Entre el abogado papanatas de ‘Descalzos por el parque’ (Gene Sacks, 1967) y el marinero solitario-existencialista de ‘Cuando todo está perdido’ (J.C. Chandor, 2013), pasando por la vena conspiranoica de sus thrillers políticos y el cinismo desencantado de ‘El candidato’ (Michael Ritchie, 1972), entre todos esos avatares del mismo compromiso inquebrantable con la verdad de su oficio encontramos a un actor físicamente incapaz de mentirle a la cámara. Lo que nos daba siempre, con independencia de las credenciales de cada personaje concreto, era tan real como él lo sentía.

Y es algo que se puede aplicar también al hombre que existe detrás de los focos, una de las voces más coherentes y reveladoras de la izquierda norteamericana, ajeno siempre al hedonismo superficial de Hollywood para poder mantenerse pegado a la realidad de su país. Fiel a sus principios, tampoco ha dudado en cargar contra Sundance, su propio festival, cuando ha considerado que se estaba alejando de su esencia independiente.
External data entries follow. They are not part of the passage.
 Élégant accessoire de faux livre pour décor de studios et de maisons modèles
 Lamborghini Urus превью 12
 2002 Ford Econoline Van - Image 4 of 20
En los últimos años, Redford ha hablado numerosas veces en público contra Donald Trump y las fake news, asegurando que la profesión periodística, a la que homenajeó en ‘Todos los hombres del presidente’ (Alan J. Pakula, 1976), se está erosionando sin remedio. «Ya no sabes dónde está la verdad», lamentó en una entrevista para la BBC. Por suerte, tal como aseguró un editorial de The Guardian, «sí podemos saberlo con Mr. Redford».
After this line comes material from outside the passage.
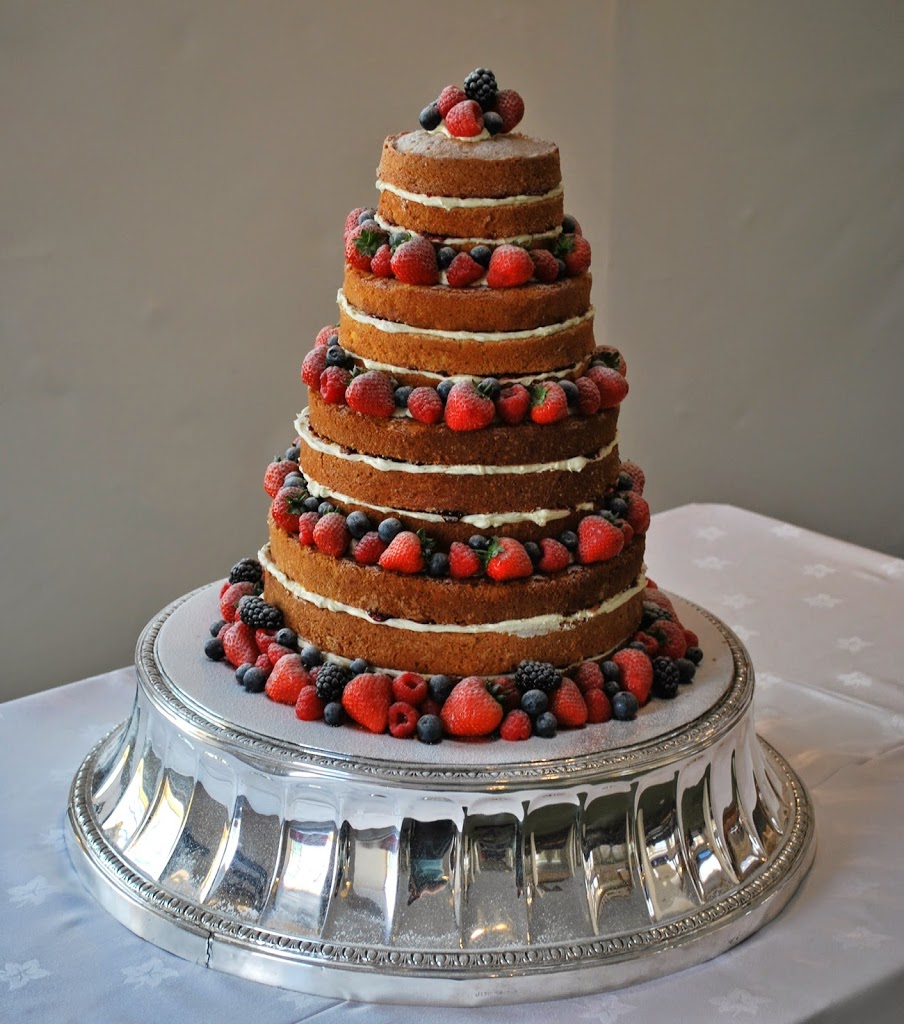 The Rise of the Naked Wedding Cake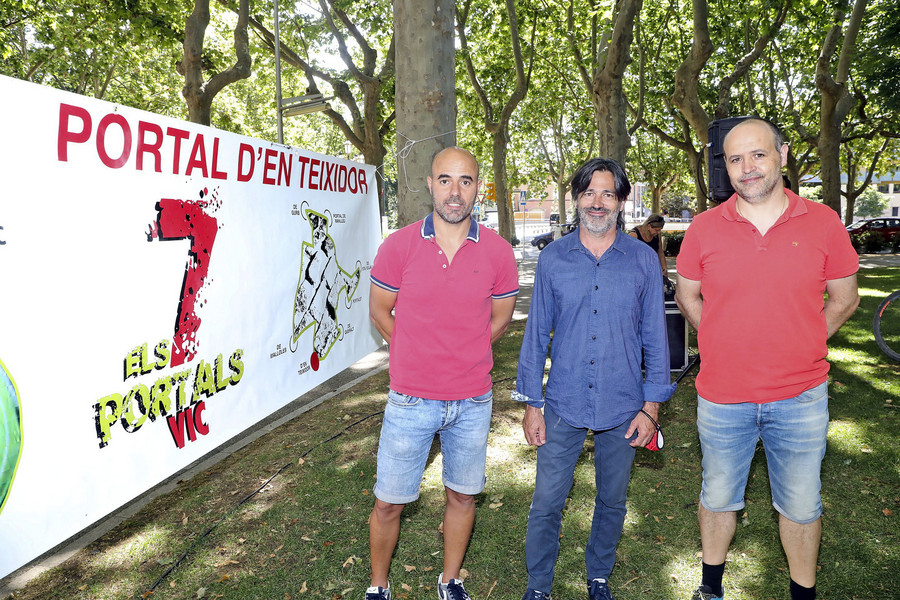 Titi Roca, Xavier Sagrera i Carles Buxadé, dimarts durant la presentació que es va fer davant el Portal d’en Teixidó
Y es una verdad que ha adoptado varias formas, aunque es posible que todas sean avatares de un mismo ideal norteamericano. El forajido, el hombre de las montañas, el caradura carismático, el temerario sin futuro, el mito negligente, el último hombre honesto, el individuo contra un sistema injusto, el activista reconvertido en sombra de su pasado, el millonario sórdido, el galán otoñal, el fantasma de la privacidad ajena, el enigma con un talento natural, el viejo cascarrabias ante la inmensidad de la naturaleza… Y así hasta llegar al protagonista de ‘Un Ladrón con Estilo’, quien de alguna manera es todos ellos y ninguno al mismo tiempo. La naturaleza elusiva de su personaje obsesiona a Casey Affleck, policía recién ingresado en la cuarentena que convierte su búsqueda en algo personal, tanto como a nosotros. Lo único que sabemos a ciencia cierta de él es lo mucho que disfruta con cada uno de sus golpes, lo vivo que se siente ejecutándolos. Todo lo demás son certezas que, nos tememos, quedarán escondidas tras esa sonrisa permanente.
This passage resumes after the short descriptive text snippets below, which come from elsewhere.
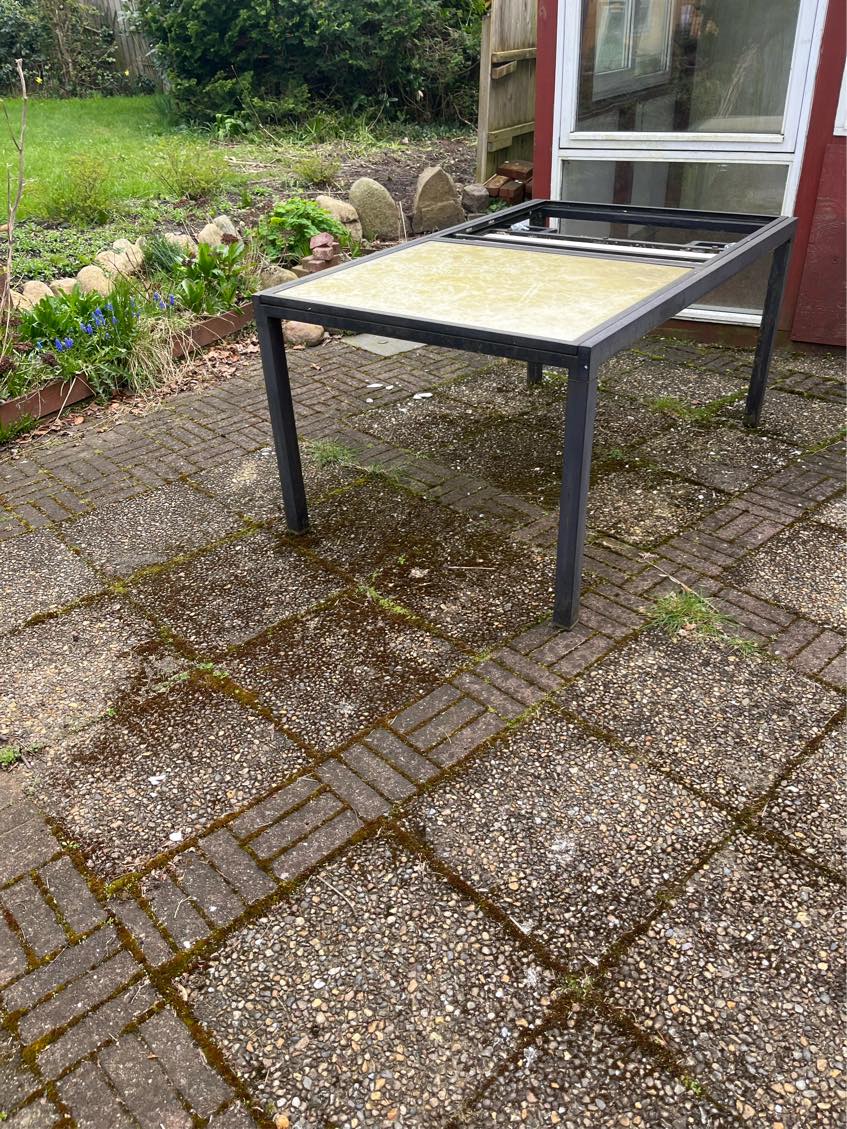 Bortskaffelse af tungt bord og fliserensning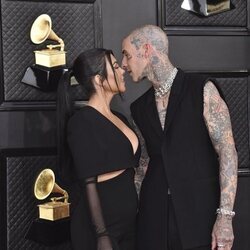 Kourtney Kardashian y Travis Barker en los premios Grammy 2022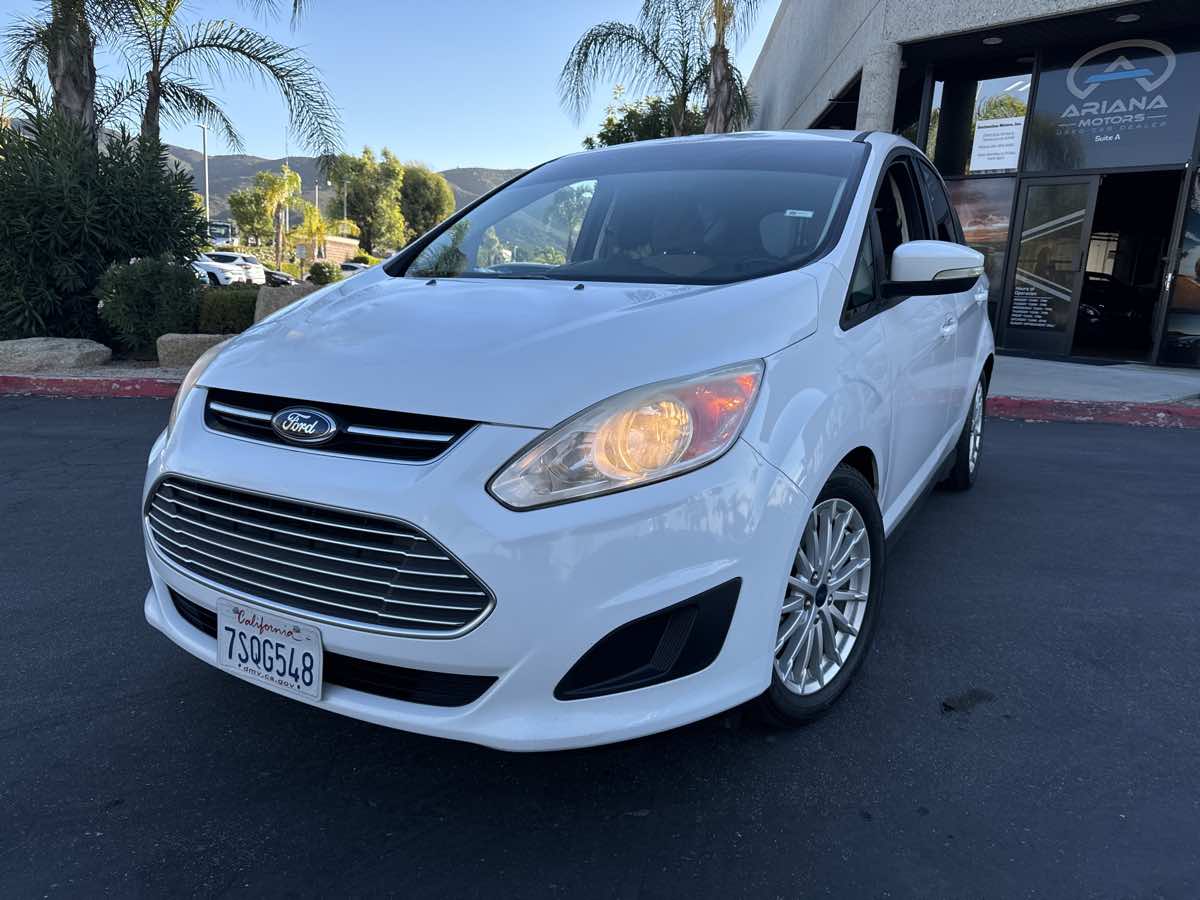 2016 Ford C-Max SE photo 2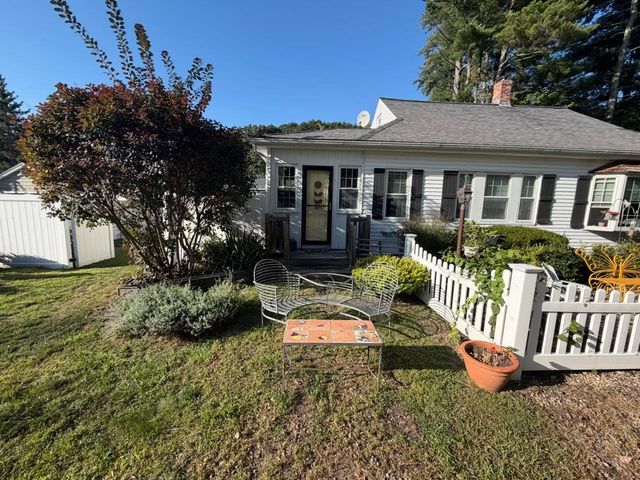 16 Davis Park, Plaistow, NH 03865
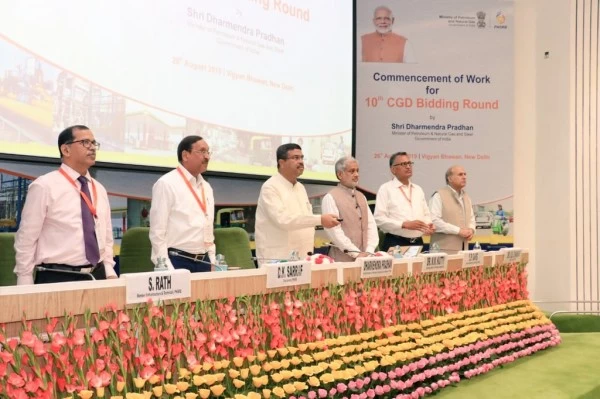 Dharmendra Pradhan launches the commencement of work for 10th City Gas Distribution bidding round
Pero hay una última clave, apuntada un poco antes de que Redford se ponga por última vez un traje caro, se ajuste el sombrero y se acuerde o no de llevar consigo esa pistola que, en cualquier caso, nunca llegará a usar, pues tenemos la sensación de que su personaje está tan en contra de las armas como el tipo que le da vida. Esa clave se nos susurra a ritmo de ‘Blues Run the Game’, melancólico himno de un cantautor, Jackson C. Frank, que ha sido descrito como el gran talento perdido del folk sesentero. Escuchamos su voz mientras Redford monta a caballo por última vez ante nuestros ojos, las sirenas de policía aúllan en la distancia y tanto él como nosotros somos conscientes de la edad de oro que se esfuma a cada nuevo fotograma de ‘The Old Man & the Gun’. El titán se despide en sus propios términos, con una aventura final tan agradable y liviana como autoconsciente de su legado. Encriptadas en cada plano, tan a la vista de todo el mundo como un gesto casual con el pulgar en la nariz, encontramos las claves de una estrella que hizo las películas un poco más grandes simplemente con estar ahí. Puede que él odiase ver su rostro en pantalla, pero al resto del mundo le va a acostar acostumbrarse a su ausencia.